Я несколько лет назад имел довольно продолжительную беседу с одним достаточно высокопоставленным чиновником в Минобрнауки, он фактически отвечает за все конкурсы по НИР и НИОКР. Мы довольно долго разговаривали, начали с некоторой конфронтации, потом стало спокойнее. Он спросил: «Ну хорошо, есть в России компании, которые ваши научные разработки готовы воспринимать и дальше как-то внедрять?» Я ответил: «Наверное, есть, но очень мало, конечно. – А в Америке есть?  – Ну, в Америке, конечно, есть. – А Вы говорите, что статьи надо печатать в международных журналах. Вот и пользоваться этим будут там, а не здесь». То есть получается,  что любое развитие фундаментальной науки в России, с точки зрения чиновника который именно за это отвечает, –  это антигосударственно, это кормление американских компаний на российские деньги.

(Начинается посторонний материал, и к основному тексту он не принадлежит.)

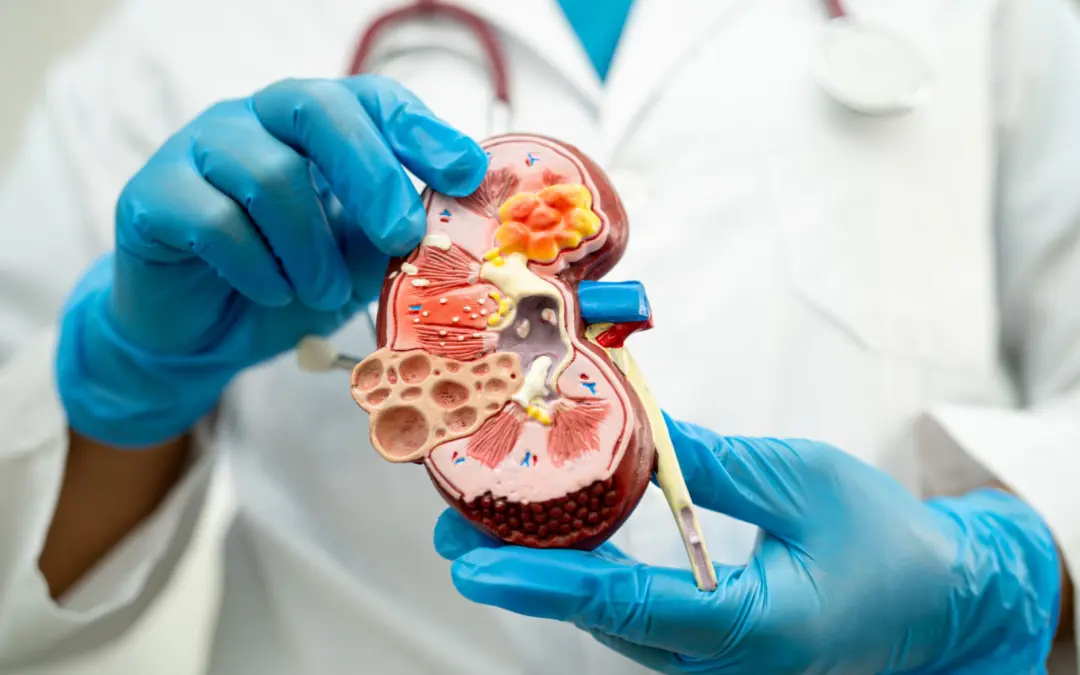What Size of Kidney Stone Requires Surgery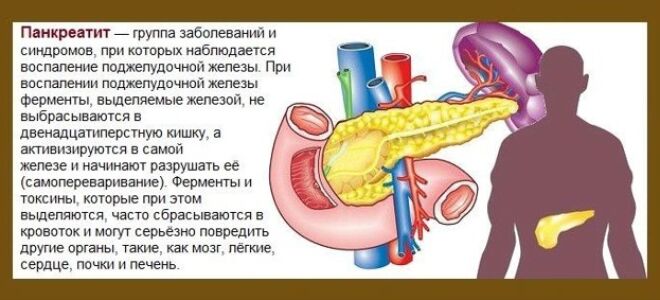Лечение поджелудочной железы в домашних условиях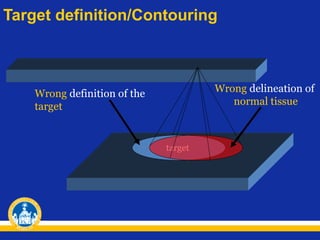 Target definition/Contouring

Wrong delineation of
normal tissue

Wrong definition of the
target

target

 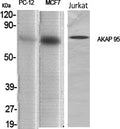 AKAP 95 Polyclonal Antibody – Figure 1 of 1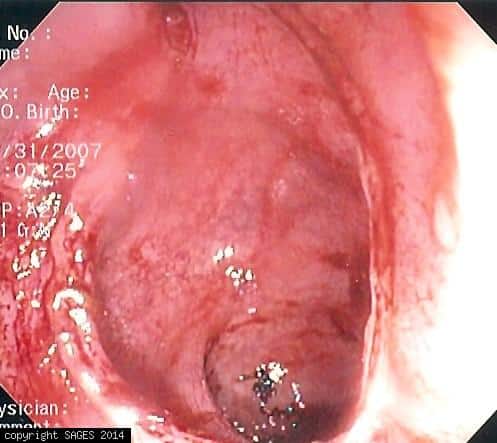 Endoscopic view of EEA anastomosis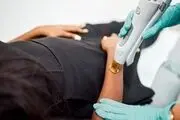 حکم شرعی لیزر بیکینی + نظر مراجع مختلف تقلید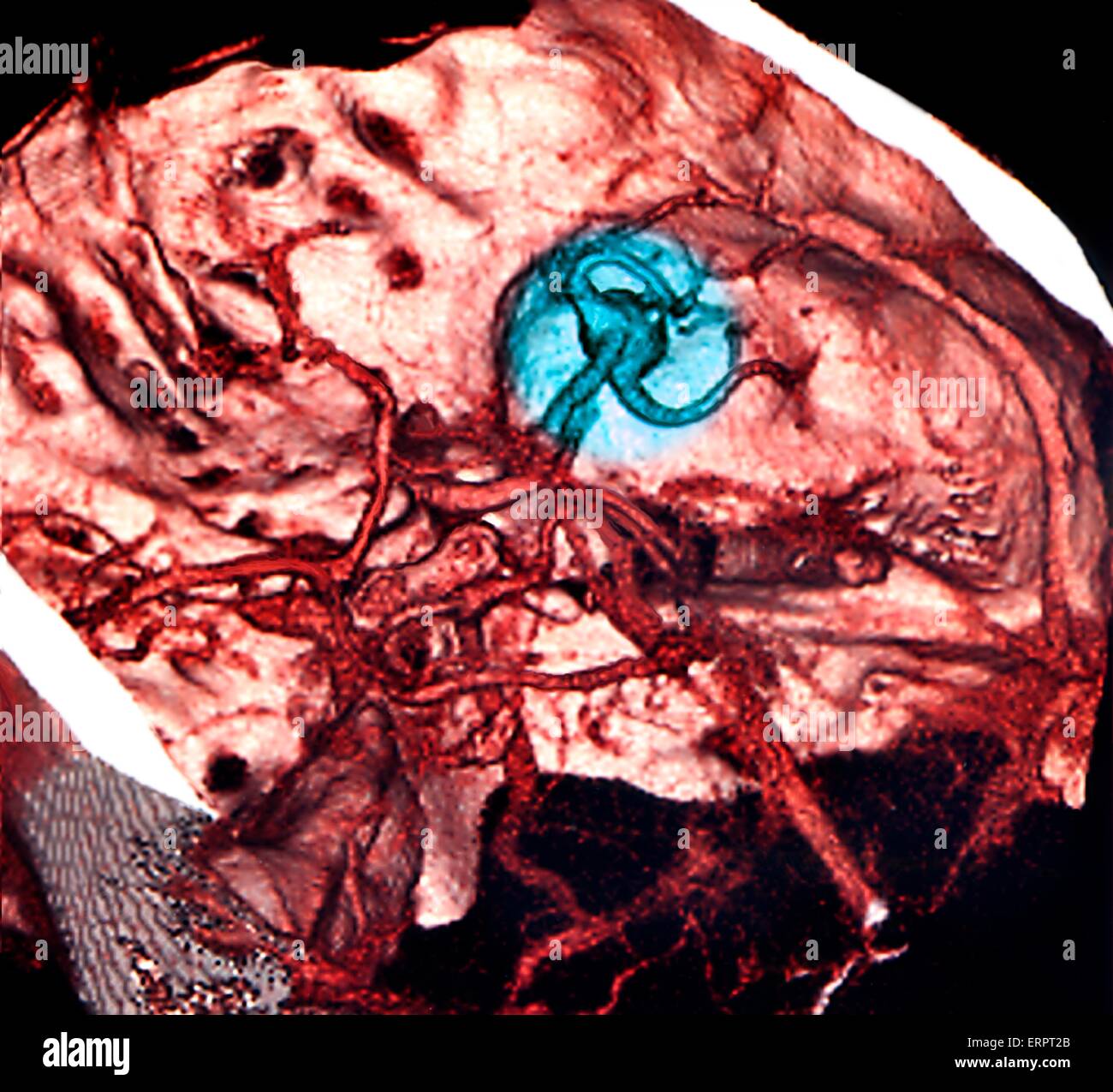 Hémorragie cérébrale. 3D couleur Scanner (CT) (CPA) du cerveau d'un patient de 42 ans avec une hémorragie sous-arachnoïdienne (HSA, bleu). SAH est le saignement dans l'espace sous-arachnoïdien - la zone située entre la membrane de l'arachnoïde et la pie-mère s Banque D'Images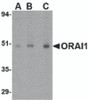 Western blot analysis of ORAI1 in human ovary tissue lysate with ORAI1 antibody at (A) 0.5, (B) 1 and (C) 2 &#956;g/mL.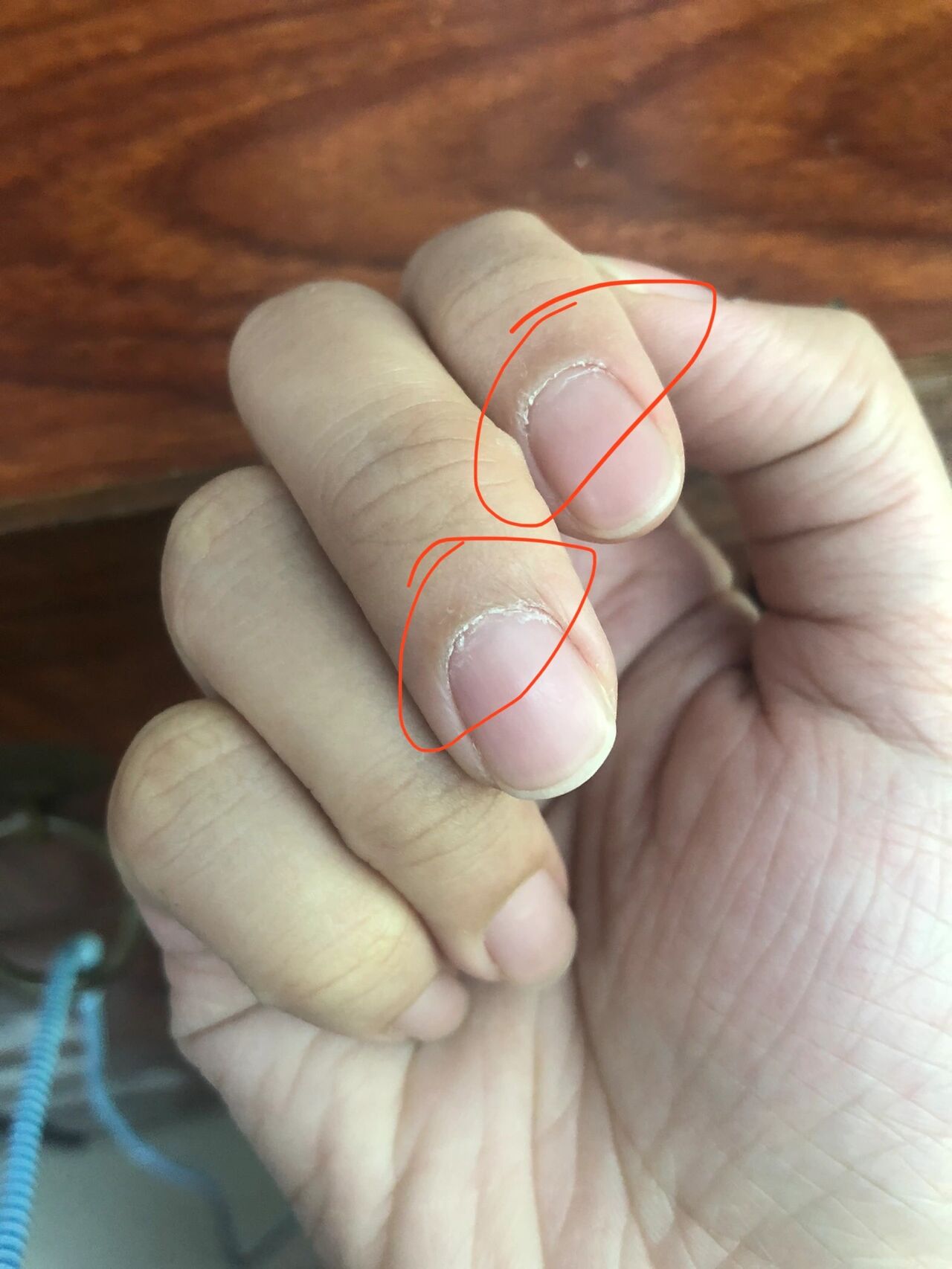 你们有没有这样的啊 到底怎么了 一直都不好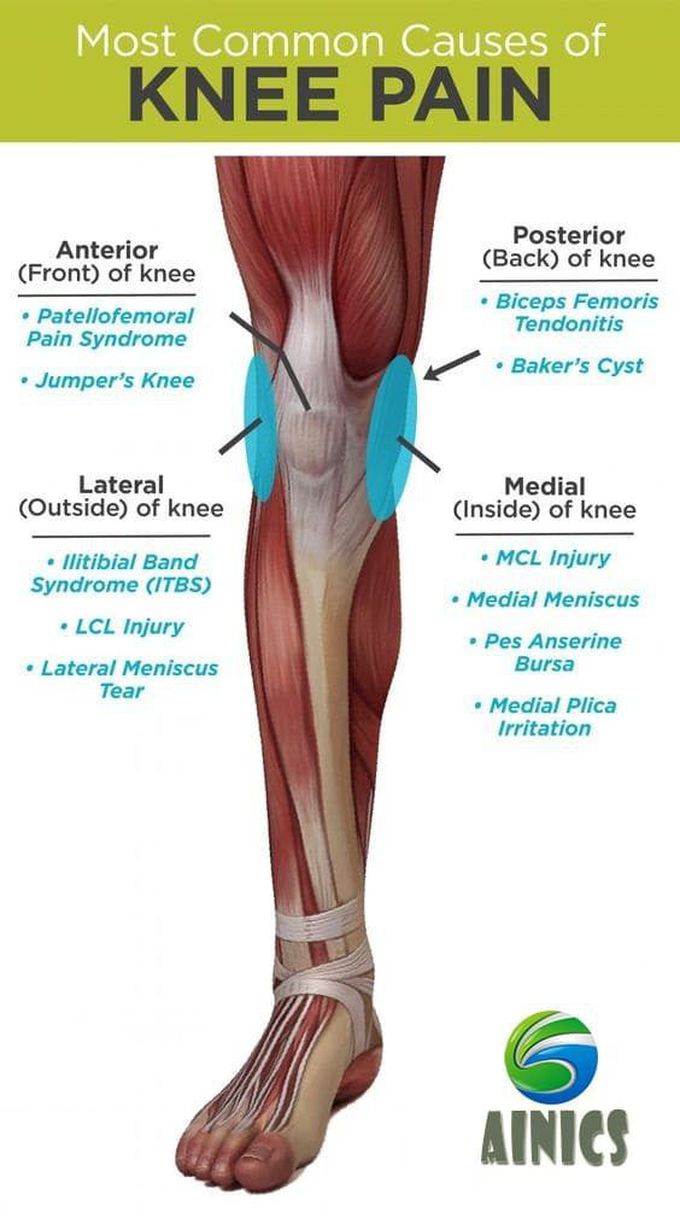 Most common causes of knee pain
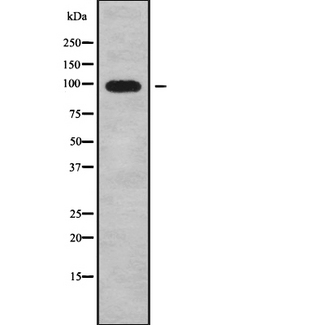CLCN2 Antibody - Western blot analysis of CLCN2 using K562 whole cells lysates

Второе проявление этого кризиса – это волюнтаризм в принятии решений. Примеров этому очень много, последний можно почитать в свежем  номере «Троицкого варианта» (имеется в виду ситуация, сложившаяся в результате передачи ИТЭФ в состав Курчатовского центра – см. «Троицкий вариант – Наука» от 17 февраля 2012 г.). Иногда эти волюнтаристские решения, вроде бы, ведут к чему-то хорошему. Программа мегагрантов, при всех оговорках,  все-таки привела к созданию слоя независимых и очень сильных людей, и в этом смысле, по-видимому, была очень полезной.

Но в качестве контрпримера, я позволю себе проявить бестактность и отметить – я подозреваю, что никто не знает, как происходило обсуждение мегапроектов в области физики и высоких энергий, большинство из которых приземлились в Курчатовском институте. Не было никакого публичного обсуждения этих проектов, а их бюджет больше, чем, например, бюджет Российского фонда фундаментальных исследований.

И я считаю, кстати, немного забегая вперед, что одна из основных функций будущей организации – это как раз публичное обсуждение вот таких больших мегапроектов государственного уровня.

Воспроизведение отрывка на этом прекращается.